Dont throw your book away, and noone is trying to push any buttons, but i think you may have misunderstood your book.

thank you. thank you. thank you.

i dont see how in the world a PEG tube would migrate to the lungs...even if by some chance a lung was inadvertently pierced during PEG placement, it would be noticed pretty quickly..and even so, that wouldnt be considered "migrating", because it never "migrated" anywhere, it was directly placed there. By the time a pt with a PEG tube in a lung got to the floor, they'd probably be in serious trouble :o

that still begs the question, how would a PEG migrate to a lung?

It wouldn't.

The PEG tube can migrate to the duodenum, however. That's why you should check placement by injecting air into the tube to listen for that gurgle. Of course like Nrs_angie mentioned, the most reliable way to check placement is by xray. Another very reliable way is to check pH when you aspirate for residuals - the duodenum has a pH of ~6-6.5 while the stomach has a pH of ~1-2.

Specializes in Geriatrics, Hospice, Palliative Care.

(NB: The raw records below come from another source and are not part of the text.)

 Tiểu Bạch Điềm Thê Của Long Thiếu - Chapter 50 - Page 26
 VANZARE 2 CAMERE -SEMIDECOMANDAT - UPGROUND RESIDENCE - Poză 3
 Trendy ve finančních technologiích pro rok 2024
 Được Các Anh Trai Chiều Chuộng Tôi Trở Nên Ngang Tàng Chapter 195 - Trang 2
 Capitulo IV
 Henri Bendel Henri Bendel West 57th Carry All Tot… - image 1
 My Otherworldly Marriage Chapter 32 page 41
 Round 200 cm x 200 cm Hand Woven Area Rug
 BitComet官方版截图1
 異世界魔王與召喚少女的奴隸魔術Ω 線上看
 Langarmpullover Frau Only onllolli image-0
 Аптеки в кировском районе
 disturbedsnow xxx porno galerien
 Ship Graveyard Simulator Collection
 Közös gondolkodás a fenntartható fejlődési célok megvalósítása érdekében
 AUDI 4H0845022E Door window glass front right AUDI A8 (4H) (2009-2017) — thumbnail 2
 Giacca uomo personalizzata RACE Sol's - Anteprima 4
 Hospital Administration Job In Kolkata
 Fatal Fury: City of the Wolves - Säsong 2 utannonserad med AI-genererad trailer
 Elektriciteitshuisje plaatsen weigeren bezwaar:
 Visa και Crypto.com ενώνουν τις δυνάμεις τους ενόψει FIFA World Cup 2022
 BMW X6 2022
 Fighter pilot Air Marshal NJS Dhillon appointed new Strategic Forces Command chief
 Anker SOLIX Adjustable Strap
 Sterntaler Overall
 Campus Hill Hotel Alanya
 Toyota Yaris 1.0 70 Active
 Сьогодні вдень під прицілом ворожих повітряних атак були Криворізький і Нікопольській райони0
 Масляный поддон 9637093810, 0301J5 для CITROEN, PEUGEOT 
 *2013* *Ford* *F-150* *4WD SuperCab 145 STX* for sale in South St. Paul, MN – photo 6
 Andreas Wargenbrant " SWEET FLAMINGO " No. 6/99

THanks; there's a fair amount of dispute in our facility about where to place the stethoscope to determine placement - we all have a differnt idea! I'd love to find the "definitive" answer, since our facility policy doesn't offer it, and I haven't been able to find the answer.

TIA,

e

It wouldn't.

The PEG tube can migrate to the duodenum, however. That's why you should check placement by injecting air into the tube to listen for that gurgle. Of course like Nrs_angie mentioned, the most reliable way to check placement is by xray. Another very reliable way is to check pH when you aspirate for residuals - the duodenum has a pH of ~6-6.5 while the stomach has a pH of ~1-2.